RENCANA akibat meletusnya Gunung Galunggung nampaknya masih akan
terus berkepanjangan. Sampai pekan lalu Gunung Jadi, anak Gunung
Galunggung, masih memuntahkan abu dan pasir serta asap tebal bak
letusan bom atom. Yang dikhawatirkan bila musim hujan tiba.
Paling tidak, 5 juta meter kubik lahar diperkirakan akan
menerjang daerah pemukiman lewat sungai.
Hal itu pasti akan menambah jumlah pengungsi, yang kini mencapai
34 ribu orang. Keadaan mereka sendiri, kini memang jauh dari
senyum. Terserak di bedeng-bedeng dan tenda yang dibangun Satuan
Koordinasi Pelaksanaan Penanggulangan Bencana Alam (Satkorlak
PBA), tampang mereka tampak kuyu dan kumal. Apalagi yang tinggal
di gubuk-gubuk darurat beratap dedaunan, yang dibuat sendiri,
jauh lebih buruk dibandingkan kampung kaum pengungsi Vietman
yang pernah menghuni kawasan Tanjungpinang.
Para pengungsi yang sebagian besar buruh tani itu, hanya bisa
menghabiskan waktu dengan duduk termangu. Sering mereka
dikejutkan oleh Gunung Galunggung yang terbatuk-batuk dan
mengirimkan isi perutnya.
Keadaan mereka memang menyedihkan. Bedeng sempit berukuran 3 x 3
meter, terpaksa dihuni satu keluarga yang bisa berjumlah lima
sampai 12 orang. Karena sempitnya ruangan, sekaligus untuk
berjaga-jaga, terpaksa mereka tidur bergantian.

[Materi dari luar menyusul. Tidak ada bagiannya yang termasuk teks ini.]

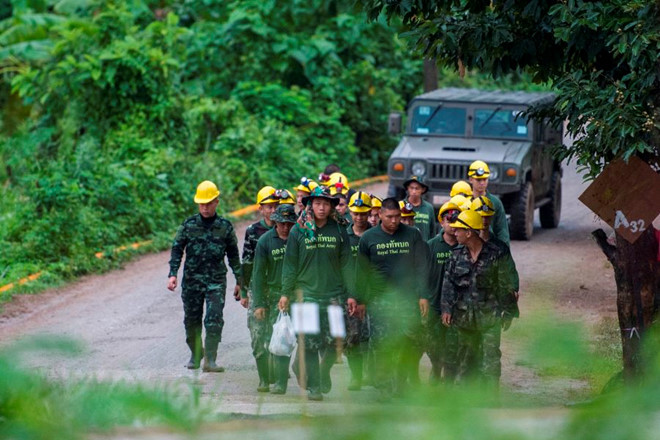 Giải cứu đội bóng Thái Lan: Nỗ lực quốc tế làm nên điều kỳ diệu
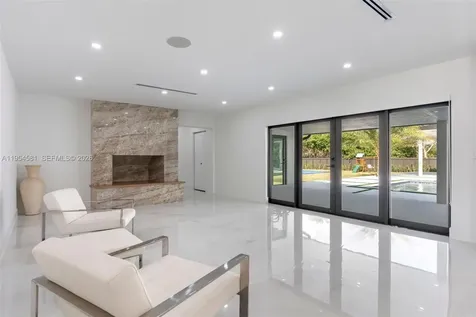 12425 SW 226th Street Miami FL 33170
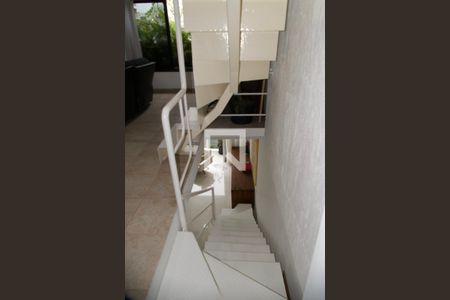 Apartamento à venda com 298m², 4 quartos e 2 vagas Apartamento à venda com 298m², 4 quartos e 2 vagasEscada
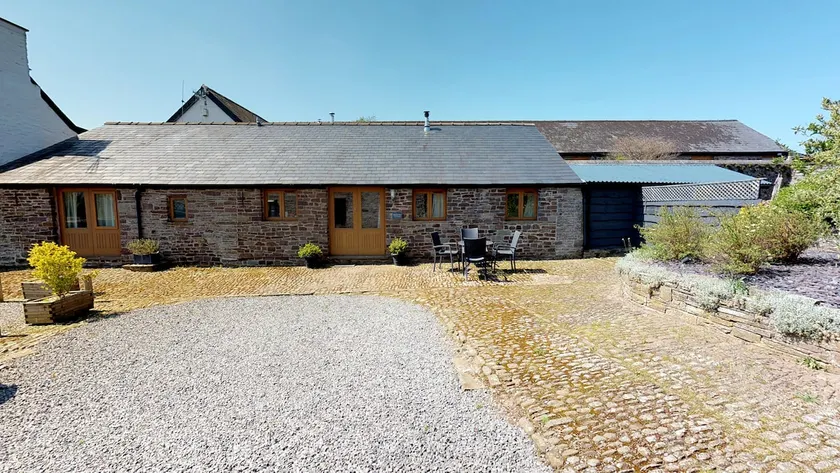 Dragonfly Cottage, Canal location - Image 1
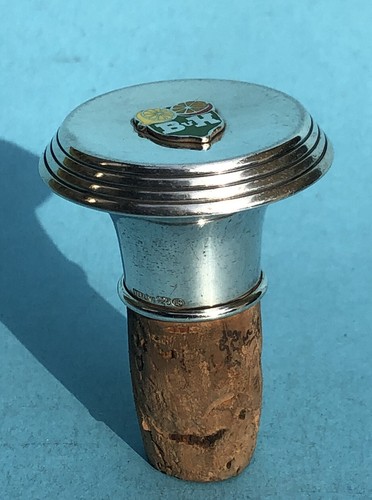 Schlichter flaschenkorken mit - flaschenkorken,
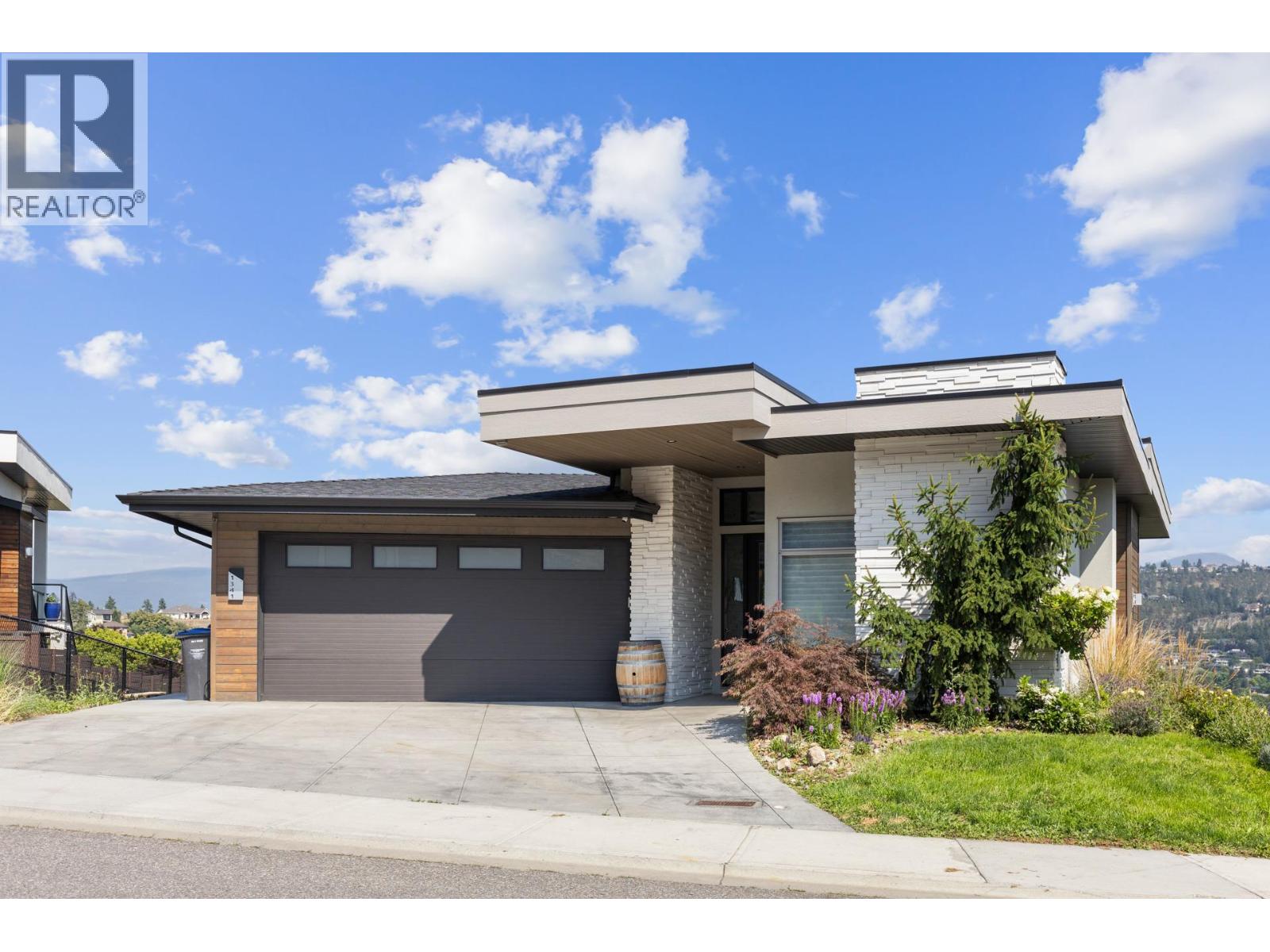 1341 Sladen Crescent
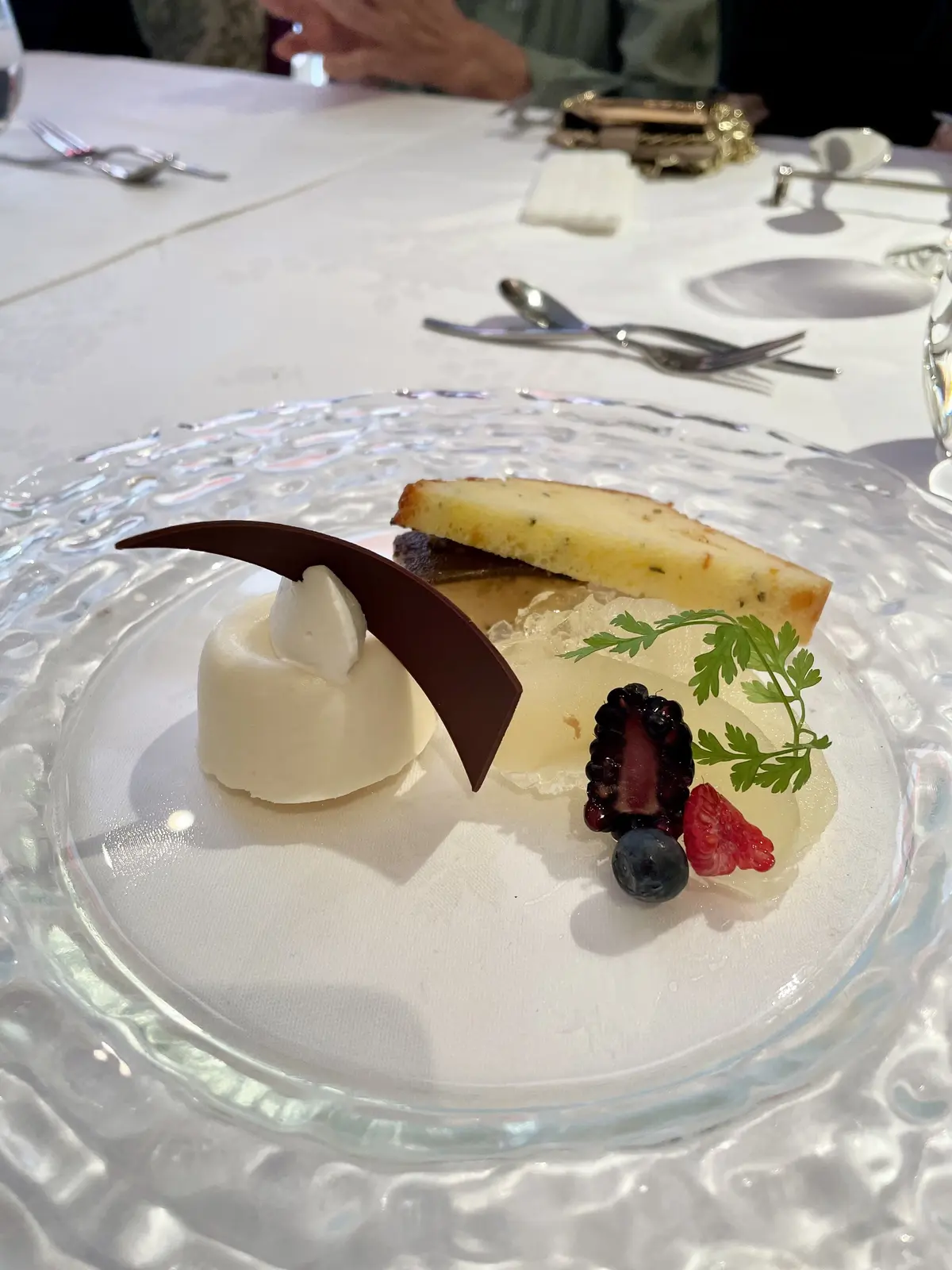 イタリアン、ガラスのお皿、ガラスのプレート、Angepatio、Restaurant、アンジェ パテオ、デザート、デザートプレート、スイーツ、ケーキ、ババロア、牛乳プリン、木苺、ベリー、ブルーベリー、ゼリー、チョコ、チョコレート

Di pagi hari, mereka menyerbu sumur-sumur pompa sumbangan, yang
nampaknya dipasang asal saja, dangkal dan tanpa saringan. Akibat
sulitnya air bersih, beberapa pengungsi di bedeng Kampung
Baregoh, Desa Cilampunghilir, Kecamatan Leuwisari misalnya,
menderita muntaber dan dibawa ke Rumah Sakit Tasikmalaya.
Masalah lain: pembagian bantuan dan sumbangan. Sejak April lalu,
Bupati Tasikmalaya Hudly menginstruksikan agar semua bantuan
disalurkan lewat Satkorlak PBA. Ini untuk menghindarkan
pembagian yang tidak merata. Sejak April itu sudah diterima
bantuan antara lain uang Rp 433 juta lebih dan beras sekitar 1,7
ton. Yang sudah dibagikan kepada para pengungsi, menurut
keterangan resmi, sudah Rp 425 juta dan 998 ribu kilo beras, di
samping pakaian, selimut, lentera dan ikan asin.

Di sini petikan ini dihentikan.